Condominium associations and homeowners associations are often discussed in the same breath, the terms used almost as if they were interchangeable. That’s because in many respects, a condominium association and a homeowners association serve the same function: In both cases, they are organizations of homeowners that seek to preserve property values, maximizing the value of each homeowner’s investment. The most noteworthy difference, of course, is that a condo association is made up of condominiums, while a homeowners association (or HOA) consists of single-family homes.
Certainly, anyone considering the purchase of a condo should know a little bit more about the legal arrangement that governs their intended condominium development, including the ways in which their condo association may or may not mirror the workings of an HOA.

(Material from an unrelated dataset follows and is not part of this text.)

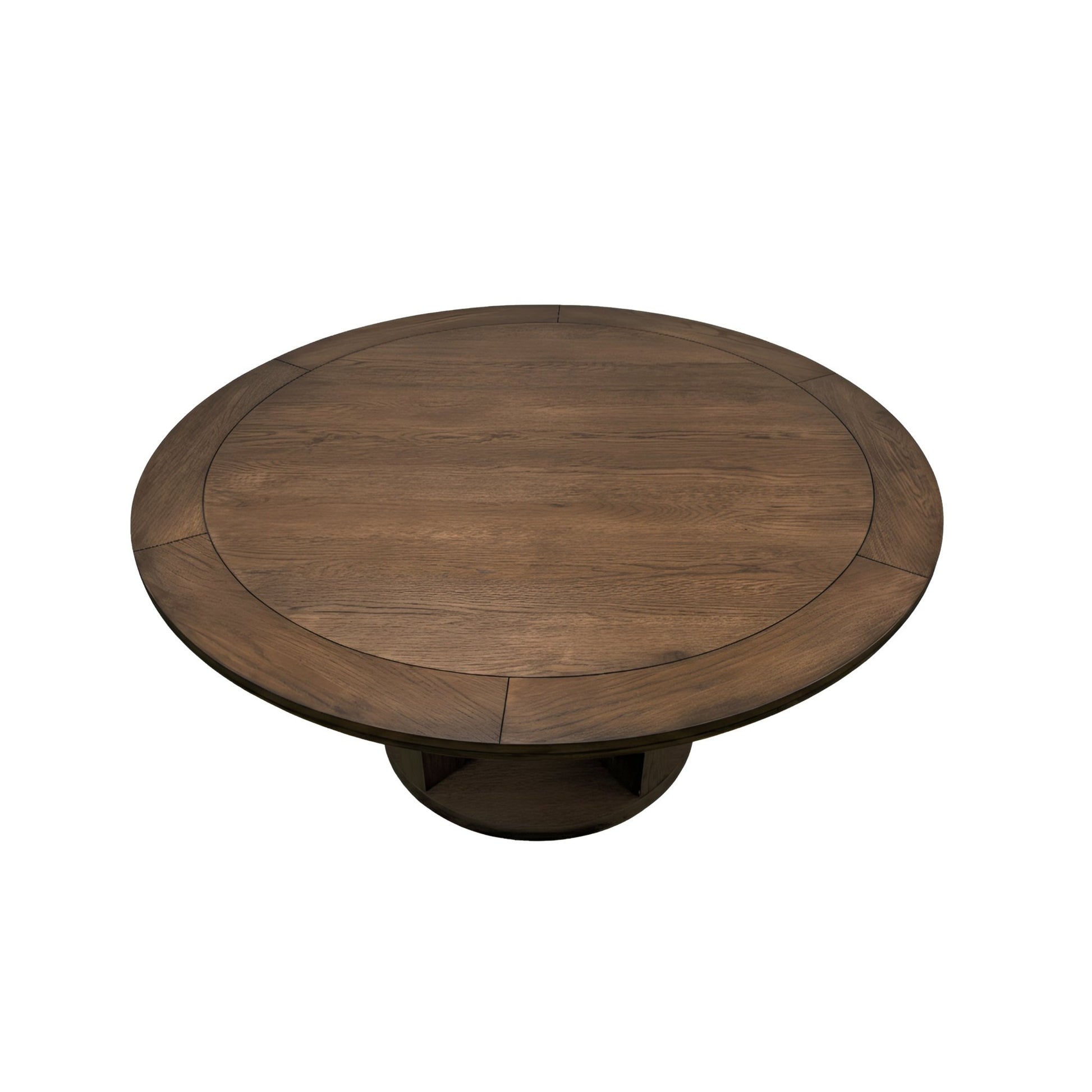 Lozano Round Dining Table - Alpine Furniture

What Does a Condo Association Do?
First and foremost, a condo association is an organization that allows individual condo owners to work together toward enhancing their property values, and toward maintaining common areas (for instance, tennis courts or other amenities associated with the condominium building).
Some specific duties that fall to the condo association include:
- Managing the association’s finances, including dues paid by the owners of each individual unit.
- Hiring vendors to clean, maintain, and repair any common areas of the building.
- Upholding the rules and regulations laid out in association governing documents.
- Collecting dues or leveraging special assessments as needed.
Why Do Individual Owners Have to Pay Dues?
In a condominium association, each unit owner is tasked with paying dues, whether on a monthly or annual basis. The specific parameters, including penalties for not paying dues, should be laid out in a legal document, available to all condominium unit owners.
The reason why members of condominium communities are asked to pay dues is to ensure there is an appropriate financial basis from which to maintain common condominium property. Common elements of the association are those assets or physical structures that are shared by all members, and are essential for promoting quality of life throughout the association. Examples include elevators, lobbies, balconies, sidewalks, and swimming pools.
Maintaining these structures costs money, and by paying dues, condominium unit owners all pitch in and pay their fair share. The role of the governing board, meanwhile, is largely to ensure that these funds are well-used, specifically by finding and procuring the right vendors.
How Does a Condo Association Differ from an HOA?
So far, most of what we’ve said about condo associations can also apply to homeowners associations. Indeed, there is significant overlap. With that said, there are also important distinctions, most of them pertaining to the different types of property that are encompassed.
For example, in an HOA, the homeowner owns both their house and the lot on which it sits. Condo owners don’t own the lot itself, but they do have a joint ownership interest in common areas, such as the lobby. In an HOA, meanwhile, common areas are owned by the association itself; individual homeowners do not have a joint ownership interest.
Frequently Asked Questions
A few additional questions about condo associations:
Who regulates condo associations?
It all depends on the state, with some states not regulating condo associations at all.
What is the primary purpose of a homeowners association?
A homeowners association, like a condo association, exists as a way to help owners maximize property values and share maintenance duties for common areas.